[[ DATA FOR REVIEW open ]]

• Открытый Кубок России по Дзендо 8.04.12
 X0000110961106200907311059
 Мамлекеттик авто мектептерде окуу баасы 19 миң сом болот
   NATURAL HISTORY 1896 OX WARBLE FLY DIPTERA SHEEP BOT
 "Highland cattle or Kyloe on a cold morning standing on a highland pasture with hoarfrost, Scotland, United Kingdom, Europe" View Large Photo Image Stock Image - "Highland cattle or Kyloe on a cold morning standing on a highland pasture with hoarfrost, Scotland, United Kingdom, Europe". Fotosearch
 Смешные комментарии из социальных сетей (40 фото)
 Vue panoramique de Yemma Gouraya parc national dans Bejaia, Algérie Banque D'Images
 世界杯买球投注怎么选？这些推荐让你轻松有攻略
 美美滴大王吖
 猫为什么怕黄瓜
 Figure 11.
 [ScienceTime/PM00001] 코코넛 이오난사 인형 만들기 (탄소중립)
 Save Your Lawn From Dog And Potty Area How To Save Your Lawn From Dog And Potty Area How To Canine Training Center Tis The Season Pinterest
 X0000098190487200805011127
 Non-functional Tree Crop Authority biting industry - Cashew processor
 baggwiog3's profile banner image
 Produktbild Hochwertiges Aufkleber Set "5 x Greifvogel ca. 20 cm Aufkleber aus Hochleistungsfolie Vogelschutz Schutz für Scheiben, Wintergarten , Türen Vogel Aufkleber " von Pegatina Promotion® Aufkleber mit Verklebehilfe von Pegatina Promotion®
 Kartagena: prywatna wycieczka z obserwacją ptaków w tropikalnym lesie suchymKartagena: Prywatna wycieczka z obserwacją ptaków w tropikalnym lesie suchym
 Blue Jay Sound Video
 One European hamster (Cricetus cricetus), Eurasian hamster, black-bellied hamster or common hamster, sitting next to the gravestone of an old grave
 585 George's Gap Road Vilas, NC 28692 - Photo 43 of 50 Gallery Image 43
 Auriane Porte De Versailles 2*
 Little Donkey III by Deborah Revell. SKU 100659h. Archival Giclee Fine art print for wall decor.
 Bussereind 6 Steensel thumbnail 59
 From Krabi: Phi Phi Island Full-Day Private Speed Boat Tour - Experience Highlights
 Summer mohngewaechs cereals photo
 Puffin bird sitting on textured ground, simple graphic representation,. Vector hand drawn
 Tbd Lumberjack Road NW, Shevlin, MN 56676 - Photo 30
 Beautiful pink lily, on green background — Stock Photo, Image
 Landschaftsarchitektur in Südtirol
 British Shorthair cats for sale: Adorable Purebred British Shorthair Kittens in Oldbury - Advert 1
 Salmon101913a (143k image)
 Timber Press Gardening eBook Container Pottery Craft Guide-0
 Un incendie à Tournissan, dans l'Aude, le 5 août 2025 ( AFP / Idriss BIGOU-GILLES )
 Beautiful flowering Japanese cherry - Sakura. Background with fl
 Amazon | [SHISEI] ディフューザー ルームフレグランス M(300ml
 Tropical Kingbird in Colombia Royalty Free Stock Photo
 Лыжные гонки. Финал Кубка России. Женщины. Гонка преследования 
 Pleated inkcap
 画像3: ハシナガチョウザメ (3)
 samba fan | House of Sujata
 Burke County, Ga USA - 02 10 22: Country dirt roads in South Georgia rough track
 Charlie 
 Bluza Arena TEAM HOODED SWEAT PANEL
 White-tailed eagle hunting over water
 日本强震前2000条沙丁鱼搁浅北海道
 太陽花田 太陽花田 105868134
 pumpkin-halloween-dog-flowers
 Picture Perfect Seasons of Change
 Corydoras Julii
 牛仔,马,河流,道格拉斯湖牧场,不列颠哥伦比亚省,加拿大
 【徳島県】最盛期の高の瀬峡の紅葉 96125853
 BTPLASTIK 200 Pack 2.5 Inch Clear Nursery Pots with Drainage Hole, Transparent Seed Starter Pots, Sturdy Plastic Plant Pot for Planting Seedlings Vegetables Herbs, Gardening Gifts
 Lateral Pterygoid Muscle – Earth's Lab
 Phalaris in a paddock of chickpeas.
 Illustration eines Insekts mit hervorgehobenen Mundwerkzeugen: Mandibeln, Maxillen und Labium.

[[ DATA FOR REVIEW closed ]]

=== TASK TO CARRY OUT ===
This exercise requires that all of the entries be repeated exactly.

=== EXERCISE OUTPUT ===
• Открытый Кубок России по Дзендо 8.04.12
 X0000110961106200907311059
 Мамлекеттик авто мектептерде окуу баасы 19 миң сом болот
   NATURAL HISTORY 1896 OX WARBLE FLY DIPTERA SHEEP BOT
 "Highland cattle or Kyloe on a cold morning standing on a highland pasture with hoarfrost, Scotland, United Kingdom, Europe" View Large Photo Image Stock Image - "Highland cattle or Kyloe on a cold morning standing on a highland pasture with hoarfrost, Scotland, United Kingdom, Europe". Fotosearch
 Смешные комментарии из социальных сетей (40 фото)
 Vue panoramique de Yemma Gouraya parc national dans Bejaia, Algérie Banque D'Images
 世界杯买球投注怎么选？这些推荐让你轻松有攻略
 美美滴大王吖
 猫为什么怕黄瓜
 Figure 11.
 [ScienceTime/PM00001] 코코넛 이오난사 인형 만들기 (탄소중립)
 Save Your Lawn From Dog And Potty Area How To Save Your Lawn From Dog And Potty Area How To Canine Training Center Tis The Season Pinterest
 X0000098190487200805011127
 Non-functional Tree Crop Authority biting industry - Cashew processor
 baggwiog3's profile banner image
 Produktbild Hochwertiges Aufkleber Set "5 x Greifvogel ca. 20 cm Aufkleber aus Hochleistungsfolie Vogelschutz Schutz für Scheiben, Wintergarten , Türen Vogel Aufkleber " von Pegatina Promotion® Aufkleber mit Verklebehilfe von Pegatina Promotion®
 Kartagena: prywatna wycieczka z obserwacją ptaków w tropikalnym lesie suchymKartagena: Prywatna wycieczka z obserwacją ptaków w tropikalnym lesie suchym
 Blue Jay Sound Video
 One European hamster (Cricetus cricetus), Eurasian hamster, black-bellied hamster or common hamster, sitting next to the gravestone of an old grave
 585 George's Gap Road Vilas, NC 28692 - Photo 43 of 50 Gallery Image 43
 Auriane Porte De Versailles 2*
 Little Donkey III by Deborah Revell. SKU 100659h. Archival Giclee Fine art print for wall decor.
 Bussereind 6 Steensel thumbnail 59
 From Krabi: Phi Phi Island Full-Day Private Speed Boat Tour - Experience Highlights
 Summer mohngewaechs cereals photo
 Puffin bird sitting on textured ground, simple graphic representation,. Vector hand drawn
 Tbd Lumberjack Road NW, Shevlin, MN 56676 - Photo 30
 Beautiful pink lily, on green background — Stock Photo, Image
 Landschaftsarchitektur in Südtirol
 British Shorthair cats for sale: Adorable Purebred British Shorthair Kittens in Oldbury - Advert 1
 Salmon101913a (143k image)
 Timber Press Gardening eBook Container Pottery Craft Guide-0
 Un incendie à Tournissan, dans l'Aude, le 5 août 2025 ( AFP / Idriss BIGOU-GILLES )
 Beautiful flowering Japanese cherry - Sakura. Background with fl
 Amazon | [SHISEI] ディフューザー ルームフレグランス M(300ml
 Tropical Kingbird in Colombia Royalty Free Stock Photo
 Лыжные гонки. Финал Кубка России. Женщины. Гонка преследования 
 Pleated inkcap
 画像3: ハシナガチョウザメ (3)
 samba fan | House of Sujata
 Burke County, Ga USA - 02 10 22: Country dirt roads in South Georgia rough track
 Charlie 
 Bluza Arena TEAM HOODED SWEAT PANEL
 White-tailed eagle hunting over water
 日本强震前2000条沙丁鱼搁浅北海道
 太陽花田 太陽花田 105868134
 pumpkin-halloween-dog-flowers
 Picture Perfect Seasons of Change
 Corydoras Julii
 牛仔,马,河流,道格拉斯湖牧场,不列颠哥伦比亚省,加拿大
 【徳島県】最盛期の高の瀬峡の紅葉 96125853
 BTPLASTIK 200 Pack 2.5 Inch Clear Nursery Pots with Drainage Hole, Transparent Seed Starter Pots, Sturdy Plastic Plant Pot for Planting Seedlings Vegetables Herbs, Gardening Gifts
 Lateral Pterygoid Muscle – Earth's Lab
 Phalaris in a paddock of chickpeas.
 Illustration eines Insekts mit hervorgehobenen Mundwerkzeugen: Mandibeln, Maxillen und Labium.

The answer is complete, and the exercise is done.